Thursday, October 10, 2013

Seven months later..


I have struggled to pray. I can’t seem to find the right words to express the maelstrom of emotions and doubts I have swirling within me. I feel constantly torn between giving it all up or launching back into ‘leadership’ with vigour and just faking it until I make it.

I don’t even have a title or name for what I am feeling or going through. It’s been about a year perhaps since I left my home church. And yet the chronological time doesn’t make sense because in my heart, in my head and in my memories, the time is chopped up into huge blocks where I felt so hurt and so stung for what seems like months and months, when in reality it must have only been weeks. Then there are times when it has flown past, and it scared me to think that I could quite easily live a life without a faith community without even realising it, until I wake up one day at 65 and look back on what could have been.

My enrolment at Bible college has been my attempt to keep a link to my old community, to stay attached and connected to some semblance of people who do what I used to do; go to church regularly, pray, ‘connect’, serve, set-up etc.

I miss so many people and I miss that deep sense of belonging that I had for such a long time. I always knew it was special, I compared it to the friendships I saw around me at school and knew that what I had at church was unique, went deeper than common interests or common hobbies; we were a family. It kept  We had been accepted into God’s own extended family that spanned thousands of year and hundreds of countries. I felt grafted into a vine, as the Bible says, that was strong and alive and would keep me alive long after I felt dead.

And I had chosen to leave that place, that safe, all-encompassing community for what?

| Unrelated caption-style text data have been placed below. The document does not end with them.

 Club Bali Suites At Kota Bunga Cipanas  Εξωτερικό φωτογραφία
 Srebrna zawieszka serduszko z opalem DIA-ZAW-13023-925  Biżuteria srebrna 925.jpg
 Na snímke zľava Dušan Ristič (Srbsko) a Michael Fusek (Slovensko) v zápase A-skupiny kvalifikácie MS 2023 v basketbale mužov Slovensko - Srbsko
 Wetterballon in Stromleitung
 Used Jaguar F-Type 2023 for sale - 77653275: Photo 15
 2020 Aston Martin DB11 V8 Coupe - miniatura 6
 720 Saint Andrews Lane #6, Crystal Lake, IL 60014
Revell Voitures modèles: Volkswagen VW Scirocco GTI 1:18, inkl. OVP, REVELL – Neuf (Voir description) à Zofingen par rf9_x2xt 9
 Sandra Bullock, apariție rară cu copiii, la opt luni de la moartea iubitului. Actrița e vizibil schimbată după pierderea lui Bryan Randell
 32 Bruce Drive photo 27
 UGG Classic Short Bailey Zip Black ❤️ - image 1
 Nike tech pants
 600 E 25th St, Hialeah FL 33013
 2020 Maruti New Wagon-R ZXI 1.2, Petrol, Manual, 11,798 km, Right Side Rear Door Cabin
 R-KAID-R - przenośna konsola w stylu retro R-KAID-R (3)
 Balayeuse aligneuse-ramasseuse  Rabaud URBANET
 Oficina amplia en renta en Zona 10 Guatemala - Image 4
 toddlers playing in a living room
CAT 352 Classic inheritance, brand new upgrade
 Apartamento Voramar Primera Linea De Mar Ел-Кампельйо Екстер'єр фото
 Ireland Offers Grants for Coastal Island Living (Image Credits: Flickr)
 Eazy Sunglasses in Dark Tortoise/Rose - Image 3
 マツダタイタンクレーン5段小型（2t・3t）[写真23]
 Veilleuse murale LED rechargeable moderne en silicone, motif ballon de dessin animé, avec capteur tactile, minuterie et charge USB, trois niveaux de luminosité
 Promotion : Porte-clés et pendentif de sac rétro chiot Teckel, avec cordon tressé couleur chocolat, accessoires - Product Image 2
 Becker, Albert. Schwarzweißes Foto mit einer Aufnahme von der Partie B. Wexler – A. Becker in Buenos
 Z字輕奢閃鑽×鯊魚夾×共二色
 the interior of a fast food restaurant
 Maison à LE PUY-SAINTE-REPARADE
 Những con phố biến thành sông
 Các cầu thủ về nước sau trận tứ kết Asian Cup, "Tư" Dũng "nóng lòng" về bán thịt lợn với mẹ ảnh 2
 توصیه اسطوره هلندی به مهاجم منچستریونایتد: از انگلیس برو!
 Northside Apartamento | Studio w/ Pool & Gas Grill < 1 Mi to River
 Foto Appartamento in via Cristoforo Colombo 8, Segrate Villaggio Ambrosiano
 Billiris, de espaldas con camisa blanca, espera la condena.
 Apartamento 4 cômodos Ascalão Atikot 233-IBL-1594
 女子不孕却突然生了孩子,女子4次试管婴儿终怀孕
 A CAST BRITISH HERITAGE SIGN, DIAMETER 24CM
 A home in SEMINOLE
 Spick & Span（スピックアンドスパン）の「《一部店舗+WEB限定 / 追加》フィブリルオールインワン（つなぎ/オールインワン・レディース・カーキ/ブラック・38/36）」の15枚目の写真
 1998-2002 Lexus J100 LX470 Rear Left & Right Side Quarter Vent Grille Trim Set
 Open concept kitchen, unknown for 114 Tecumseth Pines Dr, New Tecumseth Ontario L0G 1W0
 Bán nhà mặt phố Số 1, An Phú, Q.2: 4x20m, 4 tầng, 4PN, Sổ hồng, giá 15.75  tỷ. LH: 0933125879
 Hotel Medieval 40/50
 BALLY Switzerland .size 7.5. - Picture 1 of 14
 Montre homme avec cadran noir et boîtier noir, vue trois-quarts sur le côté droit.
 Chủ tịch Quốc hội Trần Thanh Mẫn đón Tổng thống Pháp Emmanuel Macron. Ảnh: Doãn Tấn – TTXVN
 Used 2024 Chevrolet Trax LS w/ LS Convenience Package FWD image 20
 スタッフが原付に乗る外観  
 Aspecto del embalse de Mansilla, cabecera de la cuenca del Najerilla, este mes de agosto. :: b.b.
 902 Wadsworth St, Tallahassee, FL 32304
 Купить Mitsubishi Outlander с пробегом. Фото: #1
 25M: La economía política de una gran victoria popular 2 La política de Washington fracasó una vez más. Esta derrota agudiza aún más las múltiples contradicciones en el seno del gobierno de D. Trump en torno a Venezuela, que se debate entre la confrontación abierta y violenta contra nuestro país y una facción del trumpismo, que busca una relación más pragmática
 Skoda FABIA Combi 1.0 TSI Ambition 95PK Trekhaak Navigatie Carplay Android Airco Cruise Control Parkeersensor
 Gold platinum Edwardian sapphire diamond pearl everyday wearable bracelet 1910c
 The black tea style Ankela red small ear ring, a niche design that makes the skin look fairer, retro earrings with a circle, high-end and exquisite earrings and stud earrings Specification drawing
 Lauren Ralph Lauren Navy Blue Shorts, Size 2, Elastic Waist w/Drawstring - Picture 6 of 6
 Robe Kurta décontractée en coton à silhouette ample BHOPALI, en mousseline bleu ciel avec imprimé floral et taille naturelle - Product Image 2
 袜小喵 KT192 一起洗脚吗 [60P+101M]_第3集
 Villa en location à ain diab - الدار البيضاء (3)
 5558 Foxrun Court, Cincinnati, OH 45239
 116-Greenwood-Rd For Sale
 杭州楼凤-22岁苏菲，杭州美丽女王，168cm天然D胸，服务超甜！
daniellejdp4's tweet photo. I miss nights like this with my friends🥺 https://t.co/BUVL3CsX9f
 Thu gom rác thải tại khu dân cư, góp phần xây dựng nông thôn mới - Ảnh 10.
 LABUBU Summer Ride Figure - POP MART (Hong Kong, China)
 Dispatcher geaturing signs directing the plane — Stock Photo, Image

For a sense of deep discontentment. It seems such a waste, to have thrown it all away, but I can’t help but wonder that maybe I was meant to. Maybe it was my fate, my path, my journey. I still don’t know where the hell I am going; I know nothing anymore and I wish I did. It is really hard being so adrift, and being so unsure of who I belong to.

These feelings of loneliness prove to me that all along I had not been grafted into the vine that was Jesus himself, but simply into the vine that was his church. And that was okay for a while, but it is not where I am meant to find meaning and belonging, because the church is made up of broken humans just like me. And I think this would have happened sooner or later; I would have left, I would have been profoundly disappointed, but it would have been more devastating had I not left now, at the young age of 25 without children and with just myself to answer for.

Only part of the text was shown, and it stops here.